---------- The data

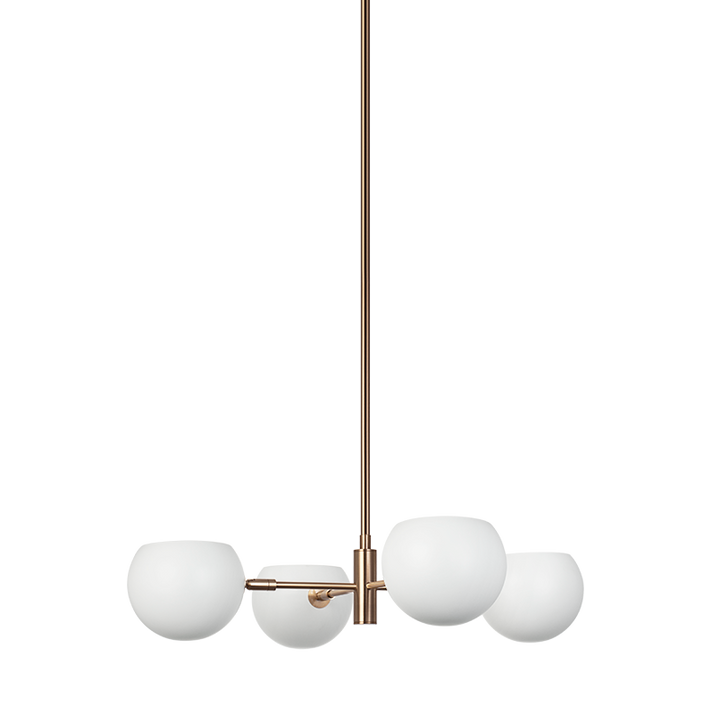 Orb - Chandelier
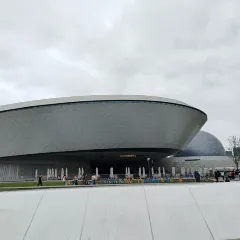 古兰丹姆冰激凌店 User Photo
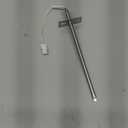 OEM WPW10181986 Oven Temperature Sensor W10181986 Replacement Part for Whirlpool Ovens WPW10181986 W10181986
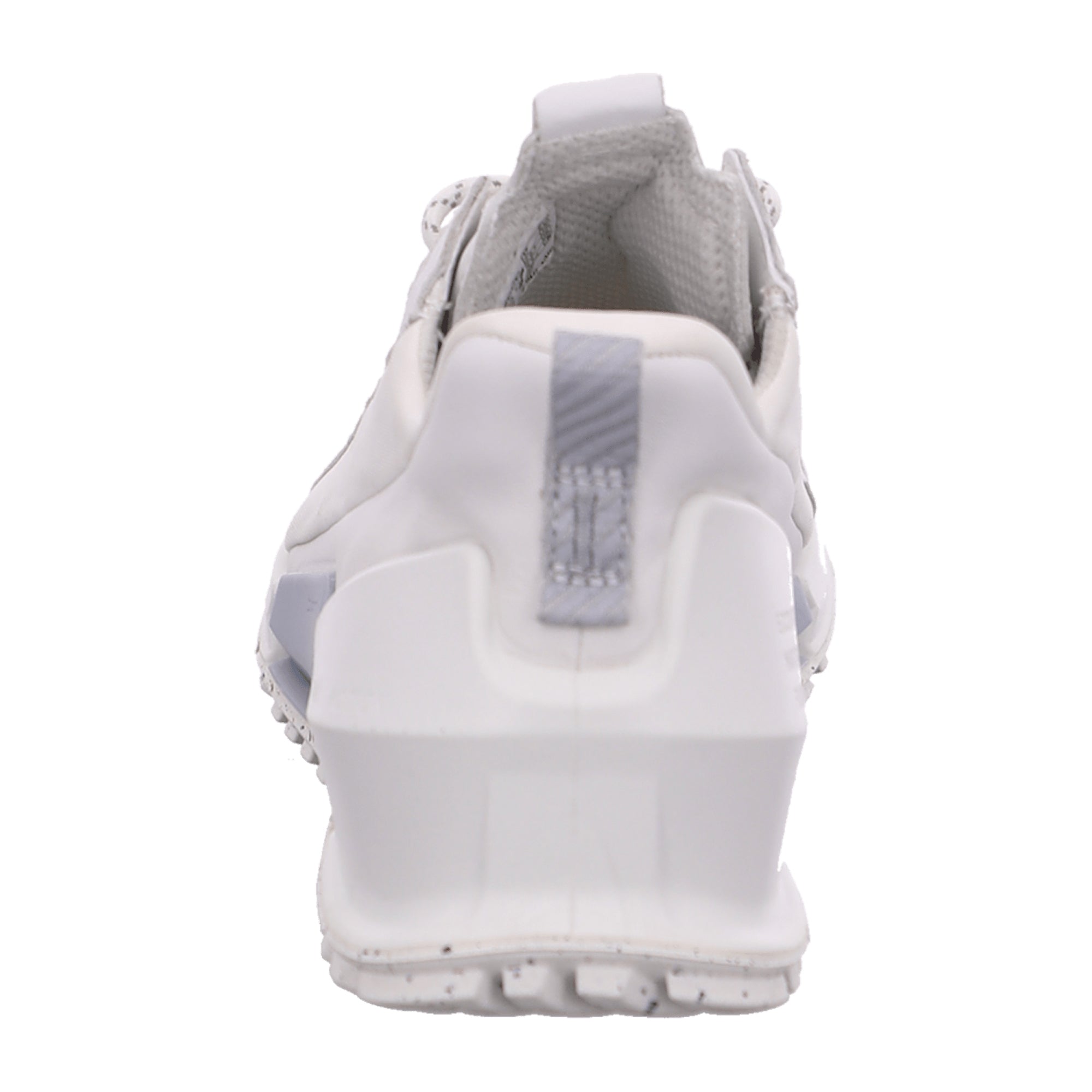 Ecco Biom 2 Women's White Sneakers - Durable and Stylish Sports Shoes for Active Lifestyles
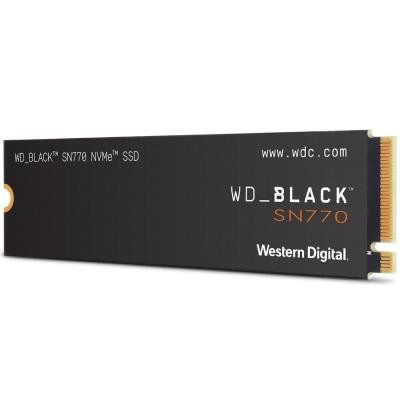 WD Black SN770 250GB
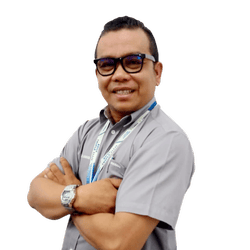 Perodua Prima Saujana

--------------------

Exercise aim: The reply has to reproduce every line above verbatim and contain no pictures.

Reply:
 Orb - Chandelier
 古兰丹姆冰激凌店 User Photo
 OEM WPW10181986 Oven Temperature Sensor W10181986 Replacement Part for Whirlpool Ovens WPW10181986 W10181986
 Ecco Biom 2 Women's White Sneakers - Durable and Stylish Sports Shoes for Active Lifestyles
 WD Black SN770 250GB
 Perodua Prima Saujana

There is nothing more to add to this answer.